Much like his screening and rolling, it’s his timing and knowledge of angles that have helped (ha, get it) Clax’s progress as a secondary defender. His 9’2” standing reach essentially changes the parabolas of shots at the rim. When he unfurls that impressive wingspan, it’s as if he catches offensive players off guard with just how much space he can shroud. Plus, he blocks shots with both hands, best emblematized by his highlight rejection against Colin Sexton when Claxton switched hands mid-air.
But it goes deeper than that. Claxton has grown increasingly adept at recognizing who is on the floor and how much time is remaining on the shot clock. Many of Claxton’s blocks occur when he cheats off his man to contest offensive players that aren’t particularly comfortable as passers. He’ll also peel off his man for highlight blocks in end-of-shot-clock situations.
He’s building such a pedigree for himself that sometimes his sheer presence alone will stall out an opponent’s possession and force up an ugly shot. As such, he’s started to camp out in the painted area Rudy Gobert-style to completely erase close-range shot attempts.

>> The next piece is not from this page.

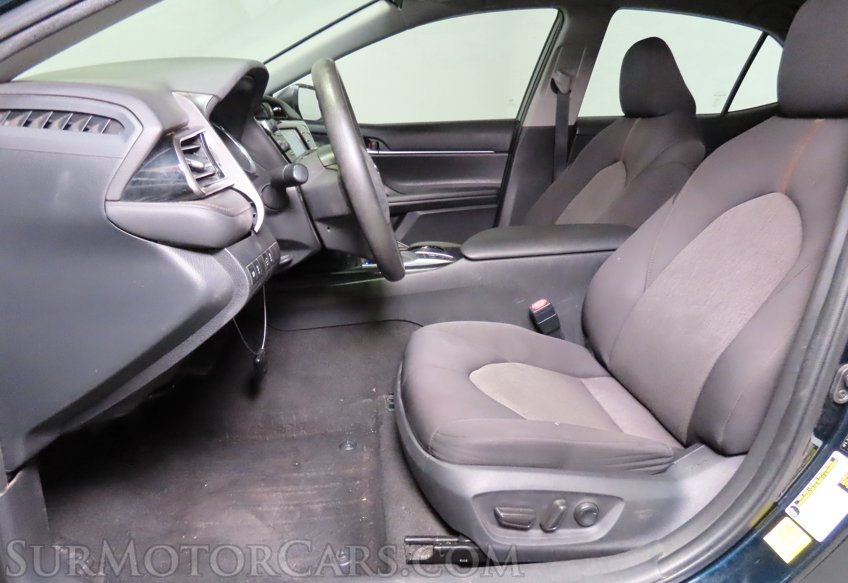 2020 Toyota Camry Hybrid LE - Image 32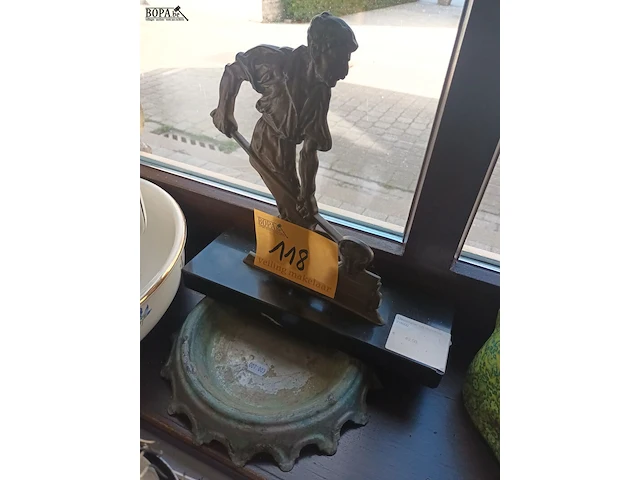 Lot 118 - kwispedoor en beeld op marmer - afbeelding 1 van  3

Oh, and don’t worry. His calling card as a defender, guarding in isolation, still hasn’t faded. Synergy grades him out as a 69th percentile isolation defender, “very good” according to their metrics, who allows just 0.73 points per 100 possessions while guarding one-on-ones. Though he’s added muscle over the years, that hasn’t halted just how quickly he shifts his footwork and turns his hips to contain players that dare go at him mano-e-mano. He’s Brooklyn’s best perimeter defender in a center’s body.
Years ago during his breakout 2020-21 season, I called Claxton a guy who could feasibly contend for Defensive Player of the Year awards. I didn’t expect him to get there this quickly. Now, I truly believe we could be looking at the best defender of his generation. There isn’t a thing Claxton can’t do on defense. He can switch and guard isolations. He can handle multiple coverages as a pick-and-roll big man. He’s an unreal help defender. He’ll snuff out off-ball actions. And he does all of this without fouling.
The concept of development will always appeal to fans. It’s why teams can sell the notion of a rebuild. The mystery box appeal of a player’s formative years just seems to draw in an audience.
Brooklyn is in a rare situation. At the moment, they have as good of a shot as anyone to contend for an NBA title. But they’re also rostering one of the most intriguing development stories in the entire league in Claxton. Typically, fans have to pick one or the other—player development or contention. Nets fans get to experience both. What a privileged life they get to live.